Dr. Lissak's Treatment Plan


A guide to eating disorder treatment and recovery.






































































































6/5/12




The Anti-Obesity Prejudice of the Eating Disorder World





The anti-obesity bias in the first world is undeniable and unchallenged. The obese have to weather ridicule and discrimination both in the workplace and in their personal life without any recourse to fight back. The causes of the obesity epidemic, when viewed objectively, are not personal: an excessive amount of available, processed food and a sedentary lifestyle combined with the genetic predisposition to facile energy storage. Still, the default world view of the overweight is that they are lazy and slothful.

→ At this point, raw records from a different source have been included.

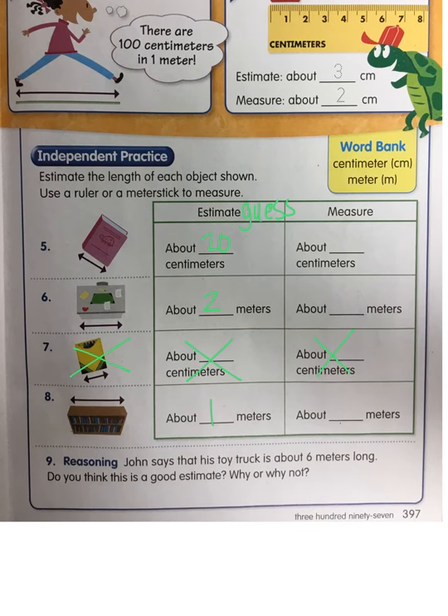Number nine: John says that his toy truck is about six meters long. Do you think this is a good estimate? Why or why not? He's saying it's like six meters — six huge steps long. His toy truck. So we say that's a good estimate and why, or that's not a good estimate and why it's not.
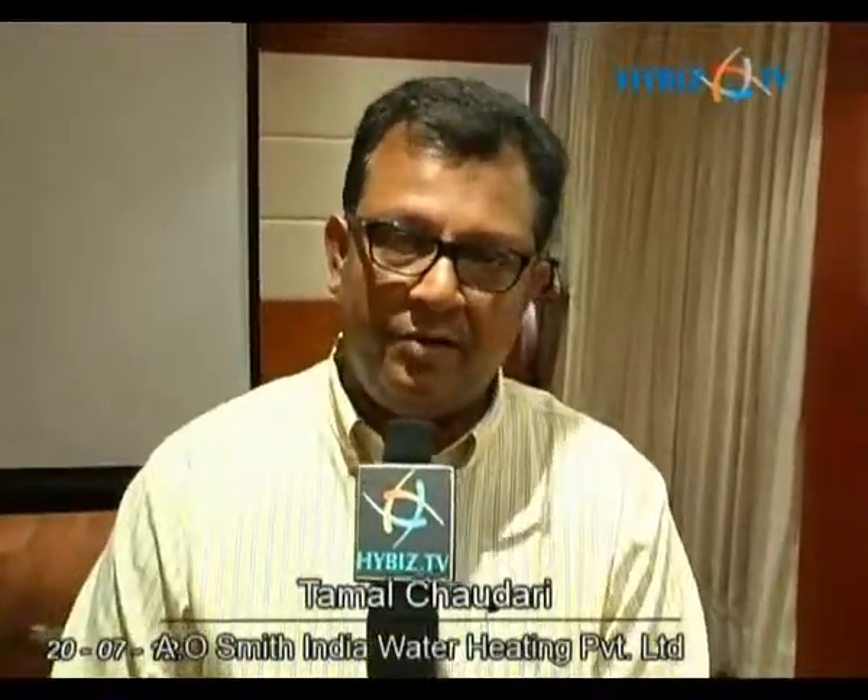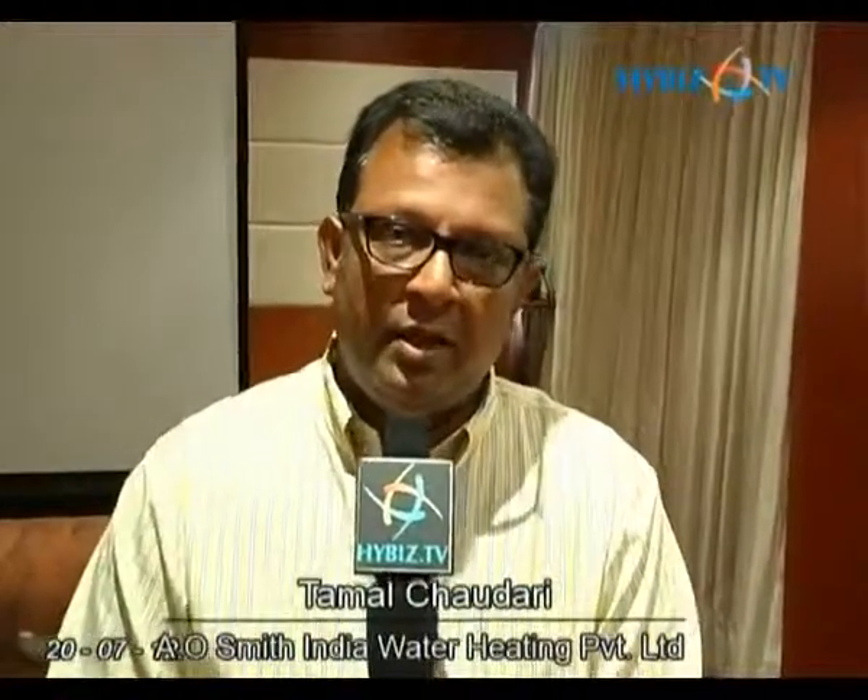This is the biggest product which we launched, the 6 to 25 liter with the wired remote, and this is a BEE 5-star rated product which is possibly the most energy efficient product to get in the country today. It also has a wired remote which actually comes down from the top. The water heater is put on the wall so you are unable to reach it sometimes, so the wired remote actually helps you to set the temperature.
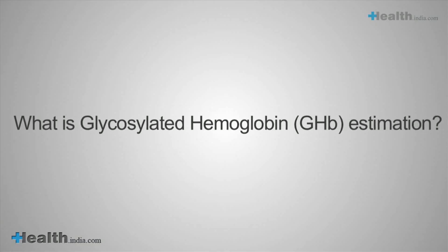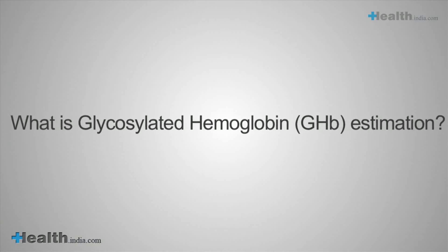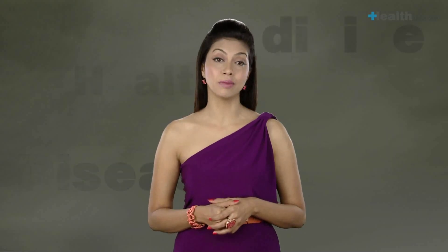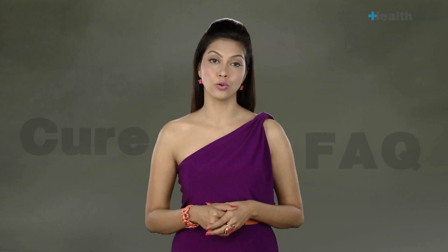What is glycosylated haemoglobin, or GHB estimation? This refers to a lab test that assesses long-term — over 6 to 8 weeks — changes in average blood glucose levels.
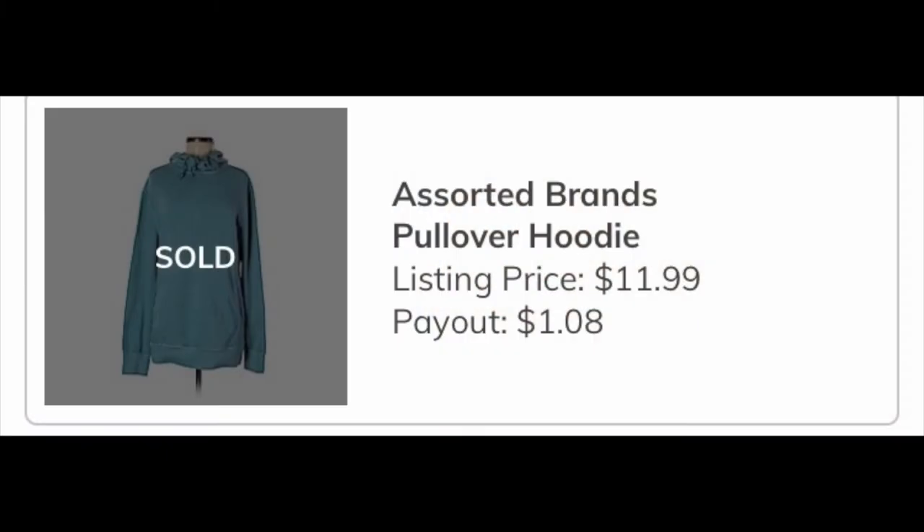Here are the 11 items they did take. The first was a Target new-with-tags Goodfellow hoodie, which I actually bought for my partner from the thrift store and it didn't fit him, so I sent it into ThredUp. I am NOT making a return on this item — it did already sell on ThredUp and I am making a dollar and eight cents total. I kind of figured that; I'm not mad or disappointed.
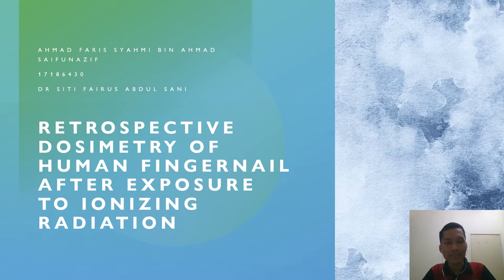Hello, my name is Ahmad Farid Shahmi bin Ahmad Syafi Nazif and my FYP project is Retrospective Dosimetry of Human Fingernail After Exposure to Ionizing Radiation, under the supervision of Dr. Citi Firus Abdul Salmi.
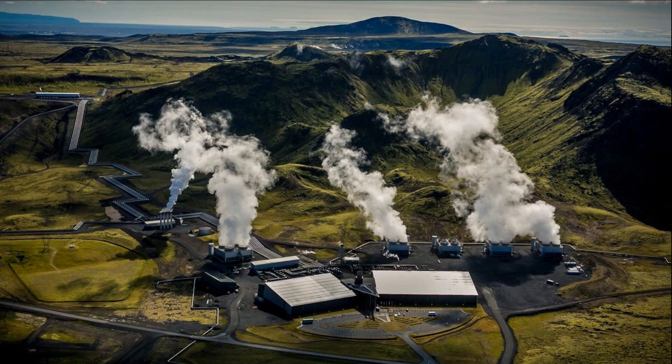Here is an amazing example of something that could be a game-changer for the way we deal with global warming. And it is in Iceland.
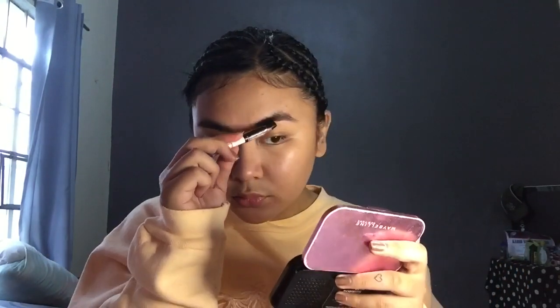I line it, and then I use the brush para i-scatter siya. Hindi talaga ako marunong ng terms ng mga makeup guru, sorry. I line it and then kinakalat ko lang siya. Hindi ko siya nilalagyan ng line din sa taas. That's how I do my eyebrows para maging natural looking pa din, pero naka-emphasize.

Due to the overwhelming bias against the obese, people prefer to believe that being overweight is a choice. Much to the layperson's dismay, eating disorders are diseases of physiology as much as psychology. The emotional and psychological ways to use food to numb feelings and to cope with seemingly unmanageable problems in life are well-documented. But in order to become ill, these people also need to have certain physiological adaptations to hunger and fullness. Without the genetic ability to adapt to chronic starvation or chronic overeating, two sides of the same coin, all the exposure to food obsession and thin models won't trigger an eating disorder. The grand experiment combining the world of plenty with the desire for thinness created the epidemic in the first place. After forty years, we're now living with the results: a population that tries to starve while surrounded by limitless, delectable food will develop chronic food problems, and those at risk will develop eating disorders, including obesity.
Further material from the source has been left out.